Nervousness was setting in as we got closer and closer to the White Mountains. I was nervous for a few reasons: It was getting cold, I was injured, and about to meet Rusty’s parents. We were 40 miles from Hikers Welcome Hostel where we would stay. One thing about meeting Rusty’s parents is that they did not know that she had a lover. It was incredibly awkward for me, because I was in love with her and would be hiking with them. She explained to me that she felt more comfortable telling them in person. It was also strange, because for hundreds of miles, we were inseparable. I didn’t have any money for staying in hostels, so I paid a small amount to camp out behind the hostel and use the shower and laundry. Rusty went out with her parents and had told them about us before she came back. They picked us up the next day and we hiked up Mt. Moosaulake together. Mt. Moosaulake is a monstrous mountain. I was injured and feverish and looked miserable. I was trying to look happy and make a good first impression, but there was no mistaking the pain that I was in.
I was very impressed with her parents hiking ability. It was a strenuous hike for us, but we had our trail legs. We made it to the top and hung out in these walled off areas made of rocks that lay on top of the peak. It was a nice wind break. I took some photos and then made my way back down the mountain, giving Rusty time alone with her parents. Much to my surprise, Rusty’s father put us up in the Holiday Inn and was so hospitable and kind to me. Her step-mother is an avid hiker and her excitement for our cause allowed me to be more comfortable around them. She seemed to be in tune with what we were doing.

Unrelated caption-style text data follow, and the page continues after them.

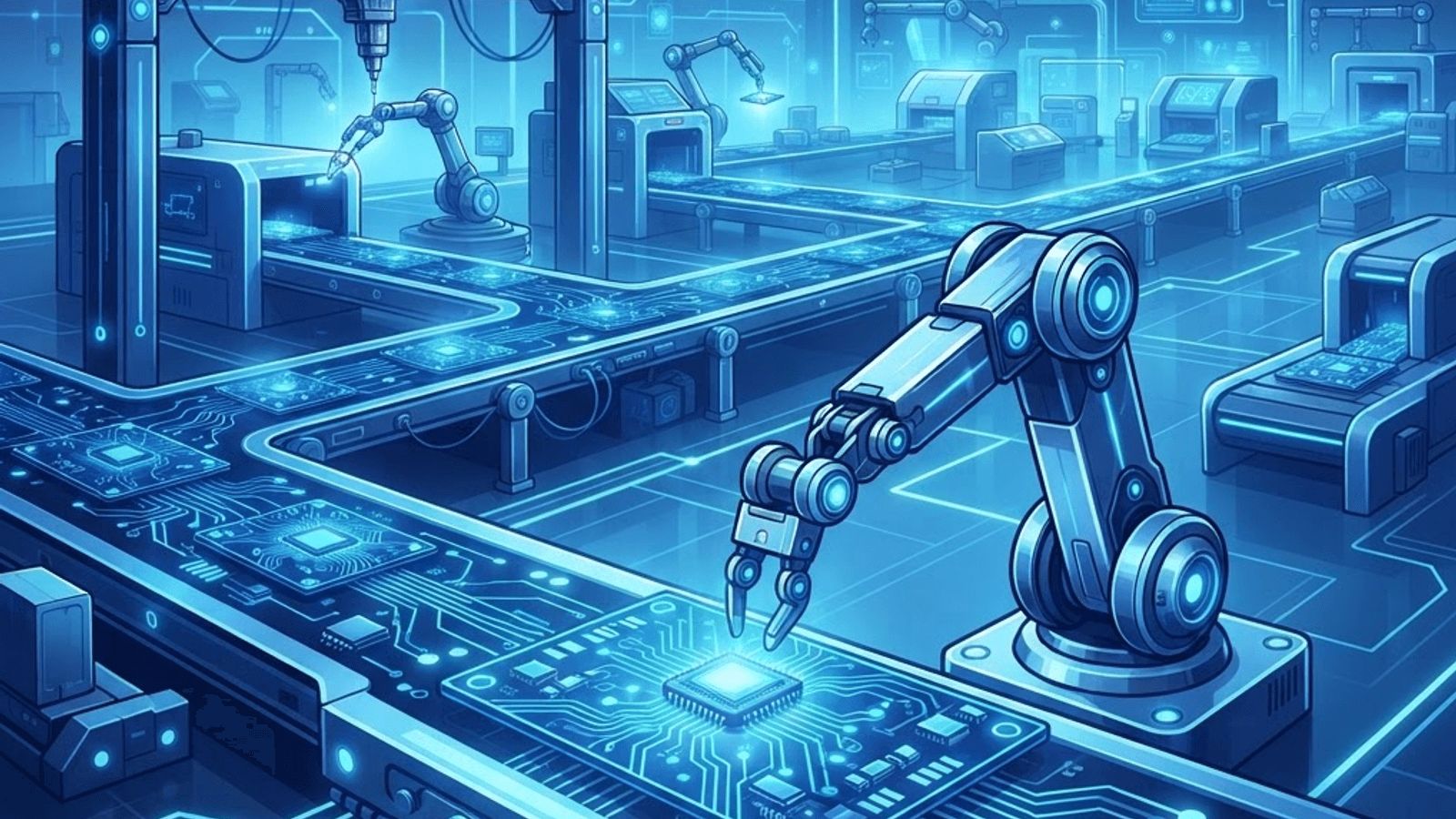 Top 10 Best Electronics Manufacturers in East Ayrshire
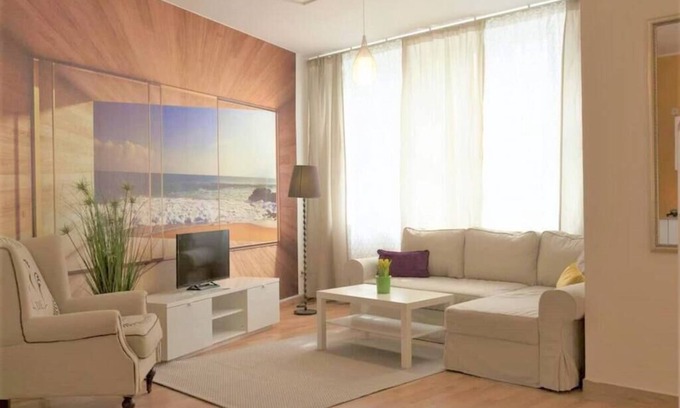 Mitte Apartamento | Cozy Domicile Leipziger Auwald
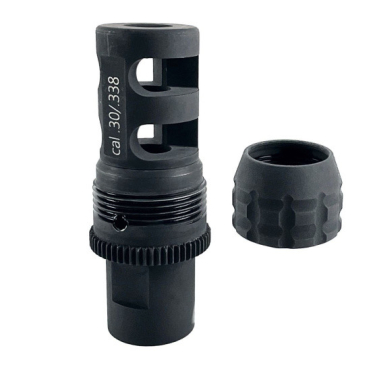 ASE UTRA BoreLock .30/.338muzzle brake 1/2"x28 UNEF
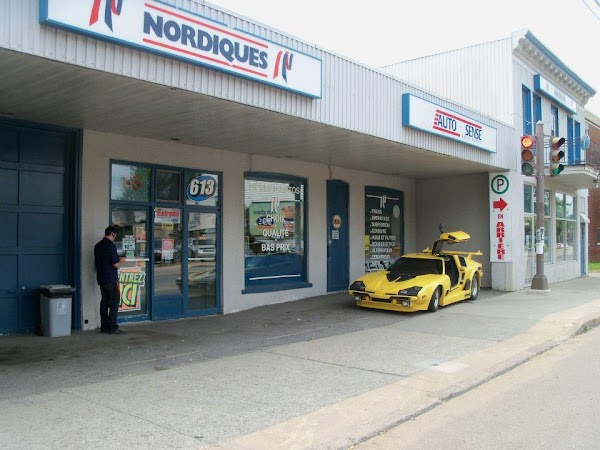 Nordiques — Pièces d'auto, Accessoires et Outils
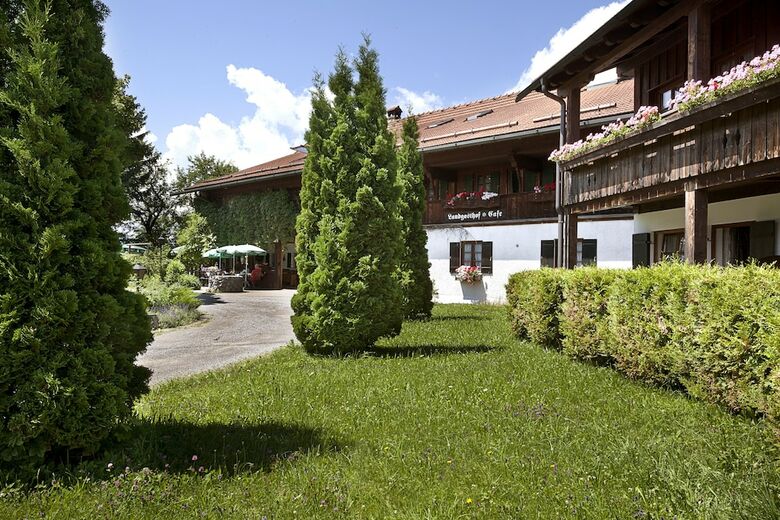 Landhotel Huberhof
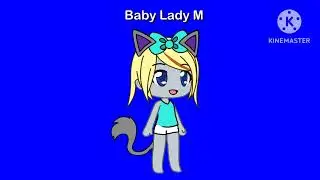 Baby Lady Meowmalade Laughing Sound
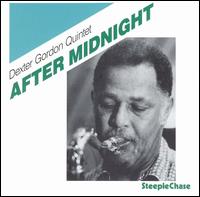 After Midnight von Dexter Gordon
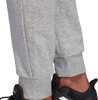 Spodnie męskie adidas Essentials Plain T Pant FL szare DQ3061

Remember in my last story how I was talking about how pervasive hiker funk is? Rusty and I were sitting in the hotel room when there was a knock at the door. It was her father. She jumped up to let him in and it was so funny: he had a kit of different deodorizing products for us to use on our gear, clothes, and body. He looked a bit mortified to know that those smells could come out of his progeny. Maybe he felt sorry for her for having to deal with my stink. Either way, we were very thankful. We get used to it and can’t really smell each other, but we also know how bad we must smell to the outside world. I always tell her that she couldn’t possibly smell bad, because nothing comes out of her except sunshine and rainbows.
Meeting her dad and step-mom was a real honor for me. I had a cold, fever, broken foot, and was nervous as hell. They were as gracious as they could be to me. On their last day with us, we took many pictures. Her dad said, “Why do I feel like I am taking wedding pictures?” I remember thinking, “That could happen one day.” Of course, I never said that. Her step-mom looked me in the eyes and admonished me to, “take good care of her”. It was all I could do to keep up with her at that point. All I needed was to hear that from her step-mom for it to become my duty. No matter how much pain I was in, how could I possibly leave the trail? We were about to walk through the roughest section of the Appalachian Trail.